• _Information shown_
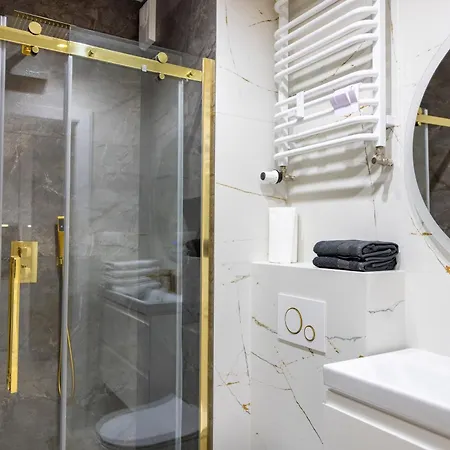 Imperial Citi Yes * Krasków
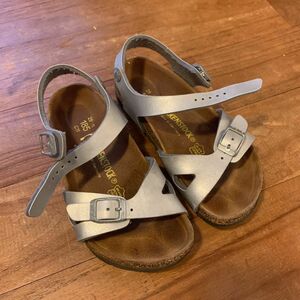 ビルケンシュトック BIRKENSTOCK サイズ　サンダル サイズ18.5cm キッズ 子ども シルバー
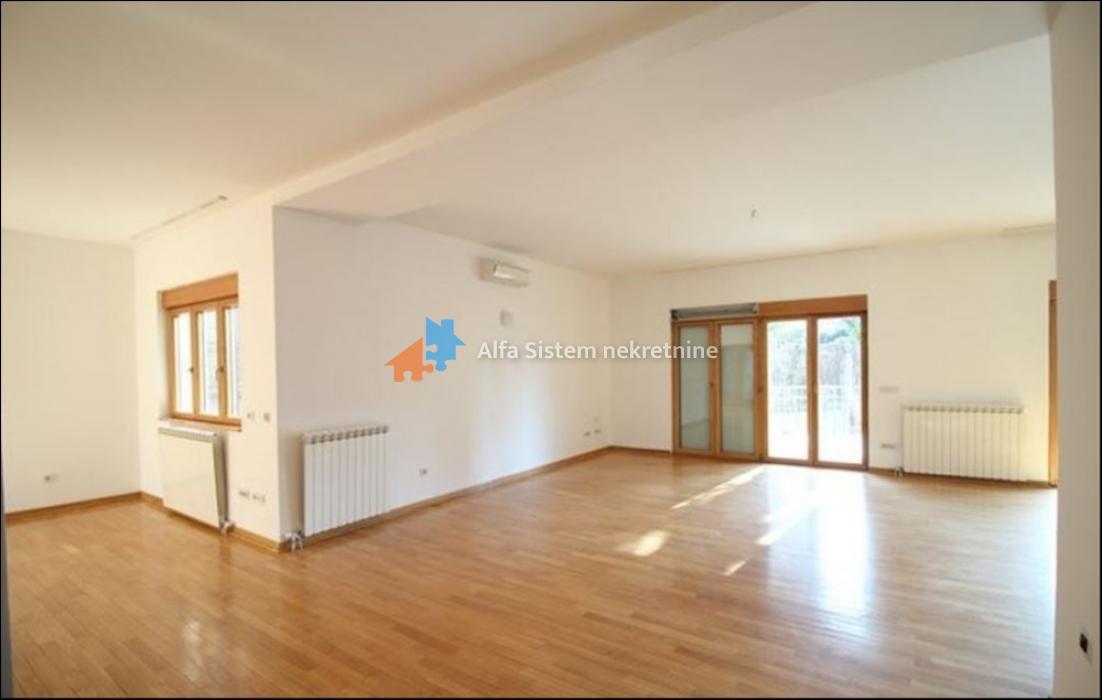 Izdavanje: Kuća 600 m², Savski venac – Beograd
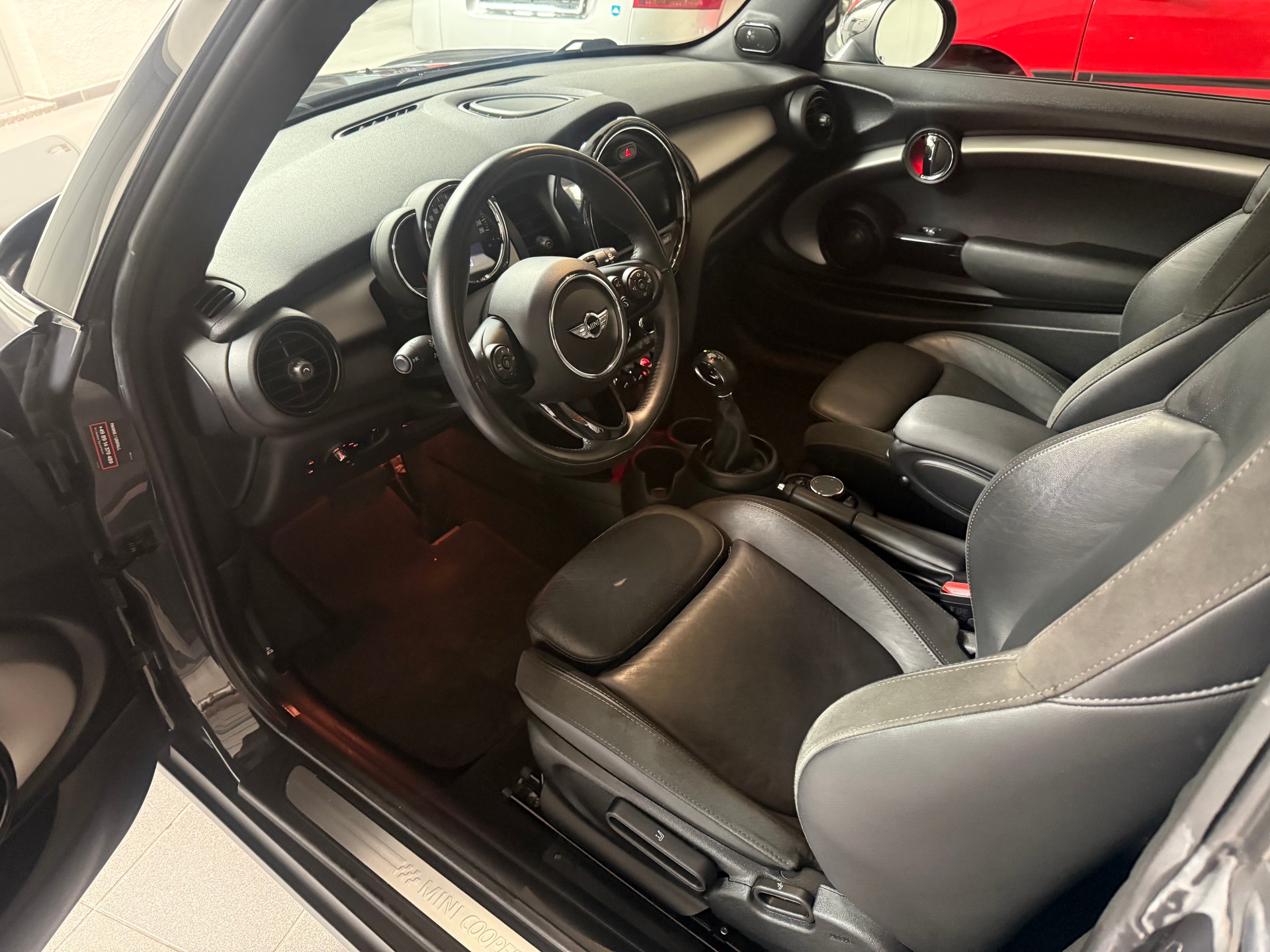 MINI Cooper S Steptronic-image-11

• _Task to carry out_
Repeat all of the data above word for word, minus the pictures.

• _Solution to this problem_
 Imperial Citi Yes * Krasków
 ビルケンシュトック BIRKENSTOCK サイズ　サンダル サイズ18.5cm キッズ 子ども シルバー
 Izdavanje: Kuća 600 m², Savski venac – Beograd
 MINI Cooper S Steptronic-image-11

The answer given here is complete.